And more change is already in evidence. A code variance for a chiropractor. A single-hand lawyer’s-office conversion where a widow recently lived and died. A holistic wellness center with Pilates and Reiki gurus inside. An online travel agent and copy shop. Following which, it’s a quick descent to a head shop, a T-shirt emporium, a RadioShack, and a tattoo/nail salon. Mixed use — the end of life as we know it. Though my bet is I’ll be in my resting place before that bad day dawns. If there’s a spirit of one-ness in my b. ’45 generation, it’s that we all plan to be dead before the big shit train finds the station.

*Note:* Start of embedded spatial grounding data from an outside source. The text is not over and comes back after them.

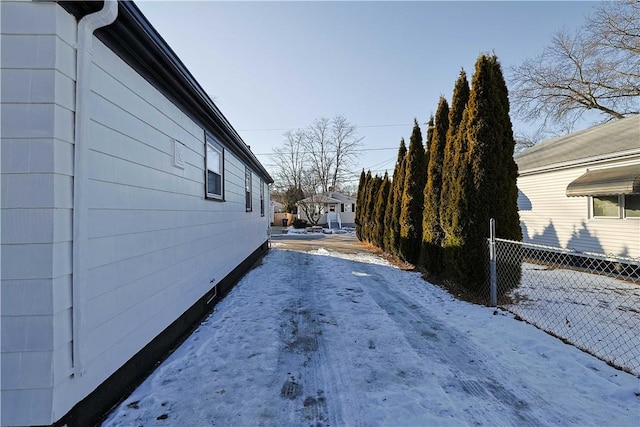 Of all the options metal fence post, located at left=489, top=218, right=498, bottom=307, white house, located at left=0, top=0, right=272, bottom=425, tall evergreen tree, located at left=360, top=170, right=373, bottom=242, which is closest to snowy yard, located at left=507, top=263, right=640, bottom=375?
metal fence post, located at left=489, top=218, right=498, bottom=307

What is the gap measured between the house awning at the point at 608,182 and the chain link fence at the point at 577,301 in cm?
188

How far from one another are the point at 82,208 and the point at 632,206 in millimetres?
10301

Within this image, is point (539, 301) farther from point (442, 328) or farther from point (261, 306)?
point (261, 306)

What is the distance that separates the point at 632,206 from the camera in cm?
706

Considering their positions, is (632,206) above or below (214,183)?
below

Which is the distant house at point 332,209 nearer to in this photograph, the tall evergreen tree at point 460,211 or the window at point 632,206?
the window at point 632,206

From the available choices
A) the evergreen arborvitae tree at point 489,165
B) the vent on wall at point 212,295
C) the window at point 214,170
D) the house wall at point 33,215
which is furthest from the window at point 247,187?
the house wall at point 33,215

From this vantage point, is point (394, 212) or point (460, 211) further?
point (394, 212)

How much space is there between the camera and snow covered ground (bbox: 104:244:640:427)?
210 cm

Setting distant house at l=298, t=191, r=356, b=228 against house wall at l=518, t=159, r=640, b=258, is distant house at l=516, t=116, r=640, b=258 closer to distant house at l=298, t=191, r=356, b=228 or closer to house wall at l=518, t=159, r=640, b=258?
house wall at l=518, t=159, r=640, b=258

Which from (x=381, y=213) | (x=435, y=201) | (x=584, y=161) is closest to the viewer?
(x=435, y=201)

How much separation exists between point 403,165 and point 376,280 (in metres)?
4.94

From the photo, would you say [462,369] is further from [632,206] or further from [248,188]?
[632,206]

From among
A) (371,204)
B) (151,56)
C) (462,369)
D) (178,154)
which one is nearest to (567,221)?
(371,204)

In the eight years since Sally and I arrived back from Sea-Clift, we haven’t much become acquainted with our neighbors. Very little gabbing over the fence to share a humorous “W” story. Few if any spontaneous invitations in for a Heineken. No Super Bowl parties, potlucks, or house-warmings. Next door might be a Manhattan Project pioneer, Tolstoy’s granddaughter, or John Wayne Gacy. But you’d hardly know it, and no one seems interested. Neighbors are another vestige of a bygone time. All of which I’m fine with.

However, just after Thanksgiving, a month ago, I found a letter in my mailbox, hand-addressed in pencil to RESIDENT. On a sheet of coarse, lined, drugstore bond, in block letters was a message that said, “Sir or Madame. My name is Reginald P. Oakes. I was convicted of carnal knowledge of a juvenile in 2010. I now reside at 28 Cleveland Street, Haddam, New Jersey. 085_.”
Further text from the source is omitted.